Look at the peak in late April (blue arrow), when the Bank Index appeared to be getting going only to drop 20% in a few weeks. This time, the Bank Index peaked in early June, and is down 10% in two weeks.
Or what about the Transports which, like the banks, appeared to be getting going in late April and promptly fell just over 10%? Two weeks ago, the Transports were all the rage -- you do remember our non-stop chatter here about American Airlines (AAL) , don't you? And here, once again, the Transports are down 10%.
If you go through the "reopening" stocks, you will find a common pattern like this. There are a few differences. For example, the drugs. The health care sector fund (XLV) had just come off a great run in late April. It is the same place now it was then, having moved sideways for nearly two months. It has not enjoyed upside or downside since then.
This is why we are seeing the same action in the McClellan Summation Index that we saw in early to mid-May. In May, it resolved itself to the upside. Time will tell if this time it does it, as well. What we do know is that Monday's 20 point rally in the S&P netted fewer than positive 200 in net breadth (advancers minus decliners), which is pretty pathetic.
So far, most of the selling came on June 11, the big down day and since then it's just been a big churn, as if folks have lost interest in anything but the work from home stocks.

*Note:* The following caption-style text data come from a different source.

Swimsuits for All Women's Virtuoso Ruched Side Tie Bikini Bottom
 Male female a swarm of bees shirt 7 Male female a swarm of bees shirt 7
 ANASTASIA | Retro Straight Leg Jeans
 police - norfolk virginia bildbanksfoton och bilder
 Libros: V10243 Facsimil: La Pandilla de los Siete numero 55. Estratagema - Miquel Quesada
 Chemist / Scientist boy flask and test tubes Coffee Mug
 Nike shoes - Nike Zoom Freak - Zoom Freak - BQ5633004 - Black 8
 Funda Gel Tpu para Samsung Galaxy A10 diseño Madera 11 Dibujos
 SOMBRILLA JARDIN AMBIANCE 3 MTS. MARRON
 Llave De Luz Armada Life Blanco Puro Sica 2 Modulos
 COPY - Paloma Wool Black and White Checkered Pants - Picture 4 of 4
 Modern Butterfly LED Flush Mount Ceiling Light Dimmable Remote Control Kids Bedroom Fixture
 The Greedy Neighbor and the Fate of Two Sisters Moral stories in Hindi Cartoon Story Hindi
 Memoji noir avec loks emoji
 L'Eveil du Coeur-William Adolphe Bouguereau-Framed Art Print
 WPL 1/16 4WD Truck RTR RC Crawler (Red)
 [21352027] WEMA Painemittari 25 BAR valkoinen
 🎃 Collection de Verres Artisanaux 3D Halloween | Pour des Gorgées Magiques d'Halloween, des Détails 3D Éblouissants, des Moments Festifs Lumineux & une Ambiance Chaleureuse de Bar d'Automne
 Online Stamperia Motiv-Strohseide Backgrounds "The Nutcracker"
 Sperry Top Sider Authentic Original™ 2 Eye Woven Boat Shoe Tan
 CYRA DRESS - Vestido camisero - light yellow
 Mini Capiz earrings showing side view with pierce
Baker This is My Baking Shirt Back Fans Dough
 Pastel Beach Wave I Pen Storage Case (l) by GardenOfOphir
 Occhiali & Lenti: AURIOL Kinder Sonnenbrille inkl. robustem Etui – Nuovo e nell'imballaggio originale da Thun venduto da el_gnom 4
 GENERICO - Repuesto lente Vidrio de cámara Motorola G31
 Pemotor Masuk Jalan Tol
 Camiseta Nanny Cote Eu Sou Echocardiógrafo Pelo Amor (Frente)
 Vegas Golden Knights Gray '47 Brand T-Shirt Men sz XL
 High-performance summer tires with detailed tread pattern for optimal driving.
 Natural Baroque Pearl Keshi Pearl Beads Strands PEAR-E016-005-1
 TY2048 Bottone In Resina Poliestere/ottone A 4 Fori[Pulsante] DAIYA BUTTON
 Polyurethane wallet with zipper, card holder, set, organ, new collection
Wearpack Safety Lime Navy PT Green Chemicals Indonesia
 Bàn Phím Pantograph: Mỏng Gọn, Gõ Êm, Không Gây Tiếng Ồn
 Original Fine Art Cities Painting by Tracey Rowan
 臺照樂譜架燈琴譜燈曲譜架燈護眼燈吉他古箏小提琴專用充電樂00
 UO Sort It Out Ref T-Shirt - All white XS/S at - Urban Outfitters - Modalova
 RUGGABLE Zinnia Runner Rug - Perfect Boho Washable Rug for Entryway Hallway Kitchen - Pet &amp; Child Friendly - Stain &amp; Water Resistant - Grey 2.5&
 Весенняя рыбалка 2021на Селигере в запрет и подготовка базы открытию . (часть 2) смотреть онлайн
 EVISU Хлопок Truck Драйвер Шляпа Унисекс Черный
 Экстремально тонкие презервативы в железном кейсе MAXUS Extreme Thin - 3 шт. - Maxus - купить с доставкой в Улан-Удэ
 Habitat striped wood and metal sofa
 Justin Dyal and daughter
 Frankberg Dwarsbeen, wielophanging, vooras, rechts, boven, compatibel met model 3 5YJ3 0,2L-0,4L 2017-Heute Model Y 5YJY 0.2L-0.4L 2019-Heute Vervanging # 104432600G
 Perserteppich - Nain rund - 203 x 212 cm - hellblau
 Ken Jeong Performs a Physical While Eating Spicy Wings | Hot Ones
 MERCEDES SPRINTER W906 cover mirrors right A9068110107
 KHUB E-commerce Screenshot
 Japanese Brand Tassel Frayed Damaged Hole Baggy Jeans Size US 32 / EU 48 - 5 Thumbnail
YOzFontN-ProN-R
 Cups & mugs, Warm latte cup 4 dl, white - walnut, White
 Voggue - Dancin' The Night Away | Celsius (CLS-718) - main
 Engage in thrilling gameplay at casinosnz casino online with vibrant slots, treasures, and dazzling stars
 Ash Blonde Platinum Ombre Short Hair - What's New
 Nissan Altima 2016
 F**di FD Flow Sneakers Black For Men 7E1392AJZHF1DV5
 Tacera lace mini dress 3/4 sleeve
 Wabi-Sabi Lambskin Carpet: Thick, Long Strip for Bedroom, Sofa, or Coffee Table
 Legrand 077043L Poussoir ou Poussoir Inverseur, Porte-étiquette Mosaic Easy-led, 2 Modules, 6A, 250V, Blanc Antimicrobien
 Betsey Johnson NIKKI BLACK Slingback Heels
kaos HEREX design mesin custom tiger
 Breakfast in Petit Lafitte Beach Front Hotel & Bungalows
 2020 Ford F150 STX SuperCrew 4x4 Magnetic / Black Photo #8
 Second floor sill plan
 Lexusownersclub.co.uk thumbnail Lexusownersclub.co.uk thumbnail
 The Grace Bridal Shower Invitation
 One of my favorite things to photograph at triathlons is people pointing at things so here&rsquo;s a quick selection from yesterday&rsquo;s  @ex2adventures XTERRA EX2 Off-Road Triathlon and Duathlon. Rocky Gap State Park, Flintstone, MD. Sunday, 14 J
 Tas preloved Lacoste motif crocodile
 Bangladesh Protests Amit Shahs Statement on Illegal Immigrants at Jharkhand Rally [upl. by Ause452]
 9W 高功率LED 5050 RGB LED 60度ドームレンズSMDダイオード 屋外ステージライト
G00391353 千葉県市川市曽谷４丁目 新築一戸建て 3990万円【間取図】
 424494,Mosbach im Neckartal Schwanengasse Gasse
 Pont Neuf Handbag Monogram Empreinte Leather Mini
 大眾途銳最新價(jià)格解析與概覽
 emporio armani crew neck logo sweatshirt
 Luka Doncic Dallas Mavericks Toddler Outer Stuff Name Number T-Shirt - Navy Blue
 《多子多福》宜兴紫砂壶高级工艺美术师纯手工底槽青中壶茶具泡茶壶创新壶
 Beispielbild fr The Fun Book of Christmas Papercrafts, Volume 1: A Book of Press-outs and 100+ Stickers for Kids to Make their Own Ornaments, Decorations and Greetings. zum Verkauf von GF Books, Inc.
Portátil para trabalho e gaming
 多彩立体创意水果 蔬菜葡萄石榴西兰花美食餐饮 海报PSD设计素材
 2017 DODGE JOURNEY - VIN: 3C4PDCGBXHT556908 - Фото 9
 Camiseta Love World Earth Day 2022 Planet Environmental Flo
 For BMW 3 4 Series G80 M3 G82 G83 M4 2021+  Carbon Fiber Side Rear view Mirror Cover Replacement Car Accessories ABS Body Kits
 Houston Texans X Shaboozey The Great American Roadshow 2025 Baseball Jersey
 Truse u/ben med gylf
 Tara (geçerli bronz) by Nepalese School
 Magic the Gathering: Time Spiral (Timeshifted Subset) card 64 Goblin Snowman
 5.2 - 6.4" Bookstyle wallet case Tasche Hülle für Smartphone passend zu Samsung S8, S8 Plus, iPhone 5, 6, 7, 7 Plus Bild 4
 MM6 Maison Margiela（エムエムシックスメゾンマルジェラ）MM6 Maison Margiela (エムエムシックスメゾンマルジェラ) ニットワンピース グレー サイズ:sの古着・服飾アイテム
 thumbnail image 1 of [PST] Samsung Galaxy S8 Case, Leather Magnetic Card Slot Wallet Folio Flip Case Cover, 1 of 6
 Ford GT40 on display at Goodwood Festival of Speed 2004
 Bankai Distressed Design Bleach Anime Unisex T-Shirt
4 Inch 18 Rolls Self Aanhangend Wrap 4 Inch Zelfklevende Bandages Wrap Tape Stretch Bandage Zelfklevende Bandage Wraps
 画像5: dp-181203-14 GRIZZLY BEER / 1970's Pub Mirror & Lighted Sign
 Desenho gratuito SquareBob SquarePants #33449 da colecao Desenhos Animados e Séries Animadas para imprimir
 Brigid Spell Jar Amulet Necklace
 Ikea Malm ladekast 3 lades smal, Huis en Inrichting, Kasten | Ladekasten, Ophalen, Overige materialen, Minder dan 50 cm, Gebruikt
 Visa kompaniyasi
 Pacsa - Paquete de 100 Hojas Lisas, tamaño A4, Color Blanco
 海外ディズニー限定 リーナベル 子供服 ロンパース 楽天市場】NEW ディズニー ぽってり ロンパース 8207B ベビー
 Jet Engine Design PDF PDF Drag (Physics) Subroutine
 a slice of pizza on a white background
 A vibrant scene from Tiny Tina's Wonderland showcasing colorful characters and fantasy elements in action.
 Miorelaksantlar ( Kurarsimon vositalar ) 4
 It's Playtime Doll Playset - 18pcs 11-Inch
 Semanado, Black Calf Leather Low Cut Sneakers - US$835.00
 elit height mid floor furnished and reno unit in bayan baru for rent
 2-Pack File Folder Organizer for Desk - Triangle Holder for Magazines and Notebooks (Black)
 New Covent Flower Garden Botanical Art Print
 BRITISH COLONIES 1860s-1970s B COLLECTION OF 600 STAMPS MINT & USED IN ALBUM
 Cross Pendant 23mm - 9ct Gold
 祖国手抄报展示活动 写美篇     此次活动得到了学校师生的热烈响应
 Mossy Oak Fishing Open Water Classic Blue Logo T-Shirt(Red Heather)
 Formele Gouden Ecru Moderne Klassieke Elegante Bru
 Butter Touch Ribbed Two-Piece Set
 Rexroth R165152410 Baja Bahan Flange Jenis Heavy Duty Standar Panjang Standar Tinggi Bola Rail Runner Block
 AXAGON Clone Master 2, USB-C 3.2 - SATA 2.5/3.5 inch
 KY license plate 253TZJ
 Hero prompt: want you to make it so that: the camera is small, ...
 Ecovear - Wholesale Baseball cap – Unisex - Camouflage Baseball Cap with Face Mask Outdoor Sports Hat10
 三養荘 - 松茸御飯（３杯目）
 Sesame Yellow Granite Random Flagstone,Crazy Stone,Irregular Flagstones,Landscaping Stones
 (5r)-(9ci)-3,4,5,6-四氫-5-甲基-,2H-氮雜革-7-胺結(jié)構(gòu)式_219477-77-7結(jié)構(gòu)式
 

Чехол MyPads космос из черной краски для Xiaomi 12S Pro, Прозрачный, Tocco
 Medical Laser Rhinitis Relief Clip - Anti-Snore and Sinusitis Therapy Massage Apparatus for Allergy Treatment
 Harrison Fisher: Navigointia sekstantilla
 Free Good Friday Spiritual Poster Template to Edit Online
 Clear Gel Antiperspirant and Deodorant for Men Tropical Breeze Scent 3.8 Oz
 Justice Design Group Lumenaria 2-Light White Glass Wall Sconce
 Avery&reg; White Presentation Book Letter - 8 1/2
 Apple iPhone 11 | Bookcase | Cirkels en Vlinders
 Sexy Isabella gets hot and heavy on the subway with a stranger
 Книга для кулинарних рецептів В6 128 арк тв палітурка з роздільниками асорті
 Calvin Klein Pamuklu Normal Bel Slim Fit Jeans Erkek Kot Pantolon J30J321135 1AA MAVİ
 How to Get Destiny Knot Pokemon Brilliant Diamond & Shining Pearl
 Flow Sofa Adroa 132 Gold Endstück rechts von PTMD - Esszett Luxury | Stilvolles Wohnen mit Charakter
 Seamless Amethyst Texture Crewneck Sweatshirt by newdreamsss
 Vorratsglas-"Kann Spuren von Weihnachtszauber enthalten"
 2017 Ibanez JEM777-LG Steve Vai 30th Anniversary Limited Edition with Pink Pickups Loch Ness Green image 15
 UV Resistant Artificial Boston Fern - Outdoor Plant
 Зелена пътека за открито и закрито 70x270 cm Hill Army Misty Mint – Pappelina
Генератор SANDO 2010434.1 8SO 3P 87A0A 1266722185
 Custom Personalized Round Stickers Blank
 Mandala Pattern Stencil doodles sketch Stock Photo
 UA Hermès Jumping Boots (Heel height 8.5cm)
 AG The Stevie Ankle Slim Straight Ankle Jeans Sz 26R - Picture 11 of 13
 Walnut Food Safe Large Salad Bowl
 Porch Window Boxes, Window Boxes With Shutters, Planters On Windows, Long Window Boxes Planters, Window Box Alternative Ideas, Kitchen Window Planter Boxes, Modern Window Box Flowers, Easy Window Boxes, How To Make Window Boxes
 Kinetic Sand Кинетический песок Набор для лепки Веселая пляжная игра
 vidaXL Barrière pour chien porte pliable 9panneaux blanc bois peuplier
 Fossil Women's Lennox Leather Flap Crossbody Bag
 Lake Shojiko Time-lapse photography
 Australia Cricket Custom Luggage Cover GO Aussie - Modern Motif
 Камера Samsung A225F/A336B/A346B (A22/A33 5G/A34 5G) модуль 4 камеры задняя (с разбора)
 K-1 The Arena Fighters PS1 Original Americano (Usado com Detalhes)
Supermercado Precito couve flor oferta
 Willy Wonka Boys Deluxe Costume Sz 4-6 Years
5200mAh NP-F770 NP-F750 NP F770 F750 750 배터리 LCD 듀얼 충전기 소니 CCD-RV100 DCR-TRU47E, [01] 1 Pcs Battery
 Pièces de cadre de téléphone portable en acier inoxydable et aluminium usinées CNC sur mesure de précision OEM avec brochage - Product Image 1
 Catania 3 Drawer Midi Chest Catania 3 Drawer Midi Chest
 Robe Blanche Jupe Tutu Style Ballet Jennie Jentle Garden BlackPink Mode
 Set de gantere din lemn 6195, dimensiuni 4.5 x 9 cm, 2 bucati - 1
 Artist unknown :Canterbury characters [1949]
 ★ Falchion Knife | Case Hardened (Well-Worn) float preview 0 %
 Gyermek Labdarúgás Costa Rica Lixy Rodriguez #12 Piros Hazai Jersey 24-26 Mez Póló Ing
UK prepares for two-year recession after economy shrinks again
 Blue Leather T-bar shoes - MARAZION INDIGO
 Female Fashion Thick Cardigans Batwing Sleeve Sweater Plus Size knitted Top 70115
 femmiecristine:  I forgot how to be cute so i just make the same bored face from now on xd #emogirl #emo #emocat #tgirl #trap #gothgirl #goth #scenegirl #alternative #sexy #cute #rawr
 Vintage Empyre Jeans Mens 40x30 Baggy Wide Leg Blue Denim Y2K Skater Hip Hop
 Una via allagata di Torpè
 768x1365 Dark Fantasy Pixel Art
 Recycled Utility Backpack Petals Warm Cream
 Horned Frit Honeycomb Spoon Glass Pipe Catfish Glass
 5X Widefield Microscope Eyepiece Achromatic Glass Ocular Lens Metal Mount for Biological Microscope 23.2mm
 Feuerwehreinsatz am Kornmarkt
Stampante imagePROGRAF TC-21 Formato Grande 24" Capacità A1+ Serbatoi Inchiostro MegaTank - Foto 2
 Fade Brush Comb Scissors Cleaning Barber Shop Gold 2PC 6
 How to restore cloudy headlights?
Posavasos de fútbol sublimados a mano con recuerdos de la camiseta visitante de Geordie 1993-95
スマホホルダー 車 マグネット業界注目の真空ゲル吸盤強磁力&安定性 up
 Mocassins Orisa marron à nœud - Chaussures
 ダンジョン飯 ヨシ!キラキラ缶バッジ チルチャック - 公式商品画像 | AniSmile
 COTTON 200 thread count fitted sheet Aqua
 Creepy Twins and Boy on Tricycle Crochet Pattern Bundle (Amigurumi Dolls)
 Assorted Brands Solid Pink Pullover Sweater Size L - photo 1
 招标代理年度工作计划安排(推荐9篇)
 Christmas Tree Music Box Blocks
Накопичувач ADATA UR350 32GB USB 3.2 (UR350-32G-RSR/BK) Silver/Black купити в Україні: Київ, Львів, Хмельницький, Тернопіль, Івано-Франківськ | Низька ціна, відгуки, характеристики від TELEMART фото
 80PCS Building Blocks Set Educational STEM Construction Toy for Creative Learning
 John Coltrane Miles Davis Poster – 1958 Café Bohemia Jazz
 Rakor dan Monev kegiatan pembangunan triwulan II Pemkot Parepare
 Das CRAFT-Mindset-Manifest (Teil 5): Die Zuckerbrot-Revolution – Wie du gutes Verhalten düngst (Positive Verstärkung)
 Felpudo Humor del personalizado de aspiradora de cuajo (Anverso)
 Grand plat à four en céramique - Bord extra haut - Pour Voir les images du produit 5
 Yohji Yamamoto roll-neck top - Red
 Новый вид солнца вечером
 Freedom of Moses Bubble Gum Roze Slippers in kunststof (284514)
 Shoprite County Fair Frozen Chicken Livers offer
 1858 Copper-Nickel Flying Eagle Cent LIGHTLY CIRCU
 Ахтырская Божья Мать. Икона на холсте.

To go back to the late April peak comparison on sentiment though, there is a big difference. The Daily Sentiment Index (DSI) for Nasdaq hovered around 60 back then. Now it stands at 85. One or two more up days and it ought to get back over 90, and, as you might recall from two weeks ago, over 90 is not a good time to buy.
In late April the 10-day moving average of the put/call ratio was hovering in the 95%-100% area. Now it is near 80% and heading up not down.
In late April, the Investor's Intelligence bears had just ticked under 30% for the first time. Now they are at 18%, where they were before the March decline.
In other words, there is more complacency now than there was two months ago.
The next few days, as we head into month's and quarter's end, will be a good test for the market since the Oscillators have come down quite far there is a chance they choose to rally the "have nots" of the past two weeks. If they don't there is a message in that.